Acceleration of investment in strategic initiatives will temporarily weigh on margins
Under its Strategy 2020 the COMET Group continues to focus on strong, profitable growth, which it plans to derive from new applications, the combining of existing competencies, and even closer and broader collaboration with major partners. The key is to take timely and effective advantage of the attractive business opportunities in the areas of ebeam, the Internet of Things and metrology. By 2020, the COMET Group's goal is to reach sales of CHF 500 million and an EBITDA margin of 16-18%.
The Board and management have therefore decided to accelerate work on the most promising strategic initiatives and bring planned capital expenditures forward. At the top of these strategic priorities are new ebeam projects in the food and digital printing sectors, and additional investment in the Group’s product portfolio with regard to various high potential applications. In parallel, a multi-point program to enhance operational excellence is being stepped up, especially in the supply chain.
With these aims in mind, the COMET Group has also recruited more staff and thus intends to rapidly create the right conditions to successfully execute the Strategy 2020 and achieve its strategic goals. This suite of initiatives will entail a temporary 2%-point reduction in the 2016 EBITDA margin. For 2016, against this backdrop, the Group is thus projecting sales growth to CHF 300 – 320 million and an EBITDA margin of now 11 – 13%.

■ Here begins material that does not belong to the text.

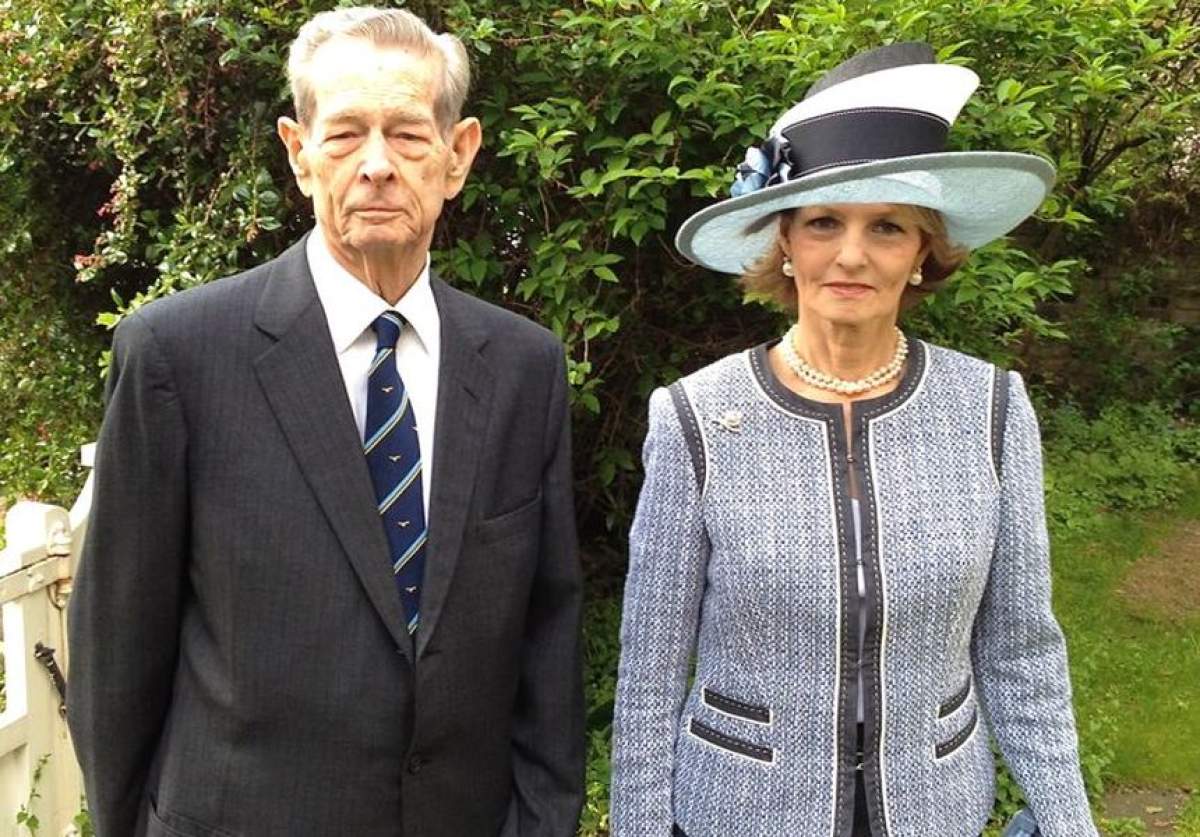 Anunţ de ultim moment făcut de Casa Regală. Principesa Margareta devine Regină a României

Unchanged dividend of CHF 11 per share
At the next Annual Shareholder Meeting the Board of Directors will propose a distribution of CHF 11.00 per share from distributable paid-in capital (2014: CHF 11.00 per share), exempt from Swiss anticipatory tax. This represents a payout of 50% of the Group’s net income.
Media and analyst conference
COMET will present the published annual results for 2015 today, March 17, 2016 at 10:00 a.m. at the media and analyst conference in Zurich (location: SIX Swiss Exchange, Convention Point, Selnaustrasse 30).

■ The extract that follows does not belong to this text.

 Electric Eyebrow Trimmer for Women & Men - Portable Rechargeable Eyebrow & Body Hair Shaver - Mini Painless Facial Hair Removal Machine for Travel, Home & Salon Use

Conference call in English
A conference call in English will be held today, March 17, 2016 from 3:45 p.m. to 4:30 p.m. CET, with Ronald Fehlmann, CEO, and Markus Portmann, CFO. To participate, please dial in 10 to 15 minutes before the scheduled start of the call, using one of the following telephone numbers:
+41 (0)58 310 50 00 (Europe)
+44 (0)203 059 58 62 (UK)
+1 (1)631 570 56 13 (USA)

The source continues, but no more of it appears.